"Rohingya Refugees Create Music To Memorialize Culture For Future Generations"

SCOTT SIMON, HOST:

More than 700,000 Rohingya Muslims have fled violence at the hands of security forces in Myanmar - that's in the last year alone. Today, nearly a million of them live in refugee camps in Bangladesh, where, as NPR's Sasha Ingber reports, they're using traditional music to document atrocities and hold on to who they are.

SASHA INGBER, BYLINE: Inside a dim mud house a 40-minute bus ride from Thangkali refugee camp, Mohammed Taker takes his instruments off a shelf. The 35-year-old keeps his mandolin and harmonium stashed here, coming in the morning and going back to the refugee camp in the evening.

MOHAMMED TAKER: (Through interpreter) If the government finds out that I'm singing songs, they will find me.

INGBER: He's worried that if he plays music in the camp, informants from Myanmar - formerly known as Burma - will send word to the government.

TAKER: (Through interpreter) We have people in our community who are friends with the Burmese government, and maybe they will sell them information. It's possible to find me because I'm one of only a few musicians. (Playing mandolin).

INGBER: He plays a song about how the Rohingya sought refuge in Bangladesh and how they used to have their own land back in Myanmar.

TAKER: (Singing in foreign language, playing mandolin).

INGBER: The Rohingya call such songs taranas. And they aren't about melody or phrasing. For a group that's largely illiterate, taranas are an important way of keeping historical, if ephemeral, records. Even back home in Myanmar, Taker says, it was hard, even dangerous to make music. Authorities wanted to keep the Rohingya community quiet.

TAKER: (Singing in foreign language, playing mandolin).

INGBER: Another singer and mandolin player, Amir Hussein, recounts what happened when he and his friends played music without getting permission.

AMIR HUSSEIN: (Through interpreter) They came and arrested us that night. And one guy tried to run away. Then they dragged him on the ground and kicked him with their boots.

INGBER: Hussein says his family paid a fine, and he was released from jail the next day. After that, he started to make music secretly in Myanmar.
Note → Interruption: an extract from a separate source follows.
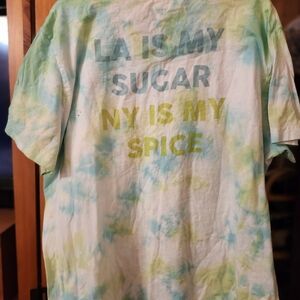 PINK Victoria's Secret Blue and Green Tie-Dye Tee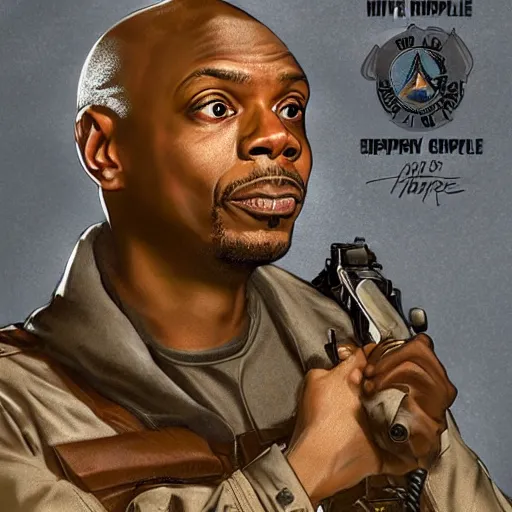 Image similar to Dave Chappelle as a navy SEAL, high resolution fantasy concept art, intricate details, soft lighting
HUSSEIN: (Through interpreter) We needed to do it secretly because through these songs, we spoke about facts. Most of the time, they would either put us in jail or fine us some big amount of money. We did not have money. We are poor.

INGBER: He wanted to show the dignity of his people, so Hussein made a song called "Proof Of Rohingya," a musical inventory of prominent Rohingya men - a politician, a police officer, a community leader.

HUSSEIN: (Singing in foreign language, playing mandolin).

INGBER: The songs give him a place to put his sorrows.

HUSSEIN: (Through interpreter) When I sing songs or play music, the soreness I have, the unhappiness I have in my body, it goes away.

INGBER: Hussein shares a mandolin with his friend, Ali Akbar, who made the instrument in the refugee camp and painted it pink because he liked the color. Akbar says he had to leave his own mandolin behind when he fled Myanmar.

ALI AKBAR: (Through interpreter) The previous one played well. I used to love to play it.

INGBER: Akbar has been playing for nearly 30 years. He got so good that, for a time, his neighbors in Buddhist and Hindu villages nearby would call him to perform Jatra - or open theatre. But that didn't mean that he, as a Muslim minority, was accepted.

AKBAR: (Through interpreter) They always used to call me blackie. I would have felt proud if they called me Rohingya.

INGBER: Years before the violent crackdown of 2017, bullying, restricted movement and poverty stopped Akbar and other Rohingya from ever going to school.

AKBAR: (Through interpreter) We could not study. That's why I feel quite lost. I don't know what to say to God.

INGBER: And so he remembers the injustices through his music.

AKBAR: (Through interpreter) That's why I learned how to play this instrument. (Playing mandolin).

INGBER: There was the night he was attacked in his village by men he had never seen before.

AKBAR: (Through interpreter) They came holding bamboos with blades on the tip and stabbed me on the back. Then I lost consciousness.

INGBER: There were the heads of children he found when he fled his village in 2017.

AKBAR: (Through interpreter) And the people who were crippled, who were too slow or weak to run away, they had to die inside the houses. They burned them alive.

INGBER: He wanted to pay tribute to them in song.

AKBAR: (Singing in foreign language, playing mandolin).

INGBER: Today in Kutupalong, what has become the world's largest refugee camp, he plays music for aid organizations and teaches younger people how to make their own taranas.

AKBAR: (Through interpreter) So that when we are old and gone, the next generation, our kids, our grandkids, they can hear this music and get a sense of what kind of suffering we have been through. We are still suffering, just to share these emotions.

INGBER: Sasha Ingber, NPR News.

AKBAR: (Singing in foreign language, playing mandolin).

SIMON: Reporting for this project was supported by Music in Exile and the Pulitzer Center.

AKBAR: (Singing in foreign language, playing mandolin).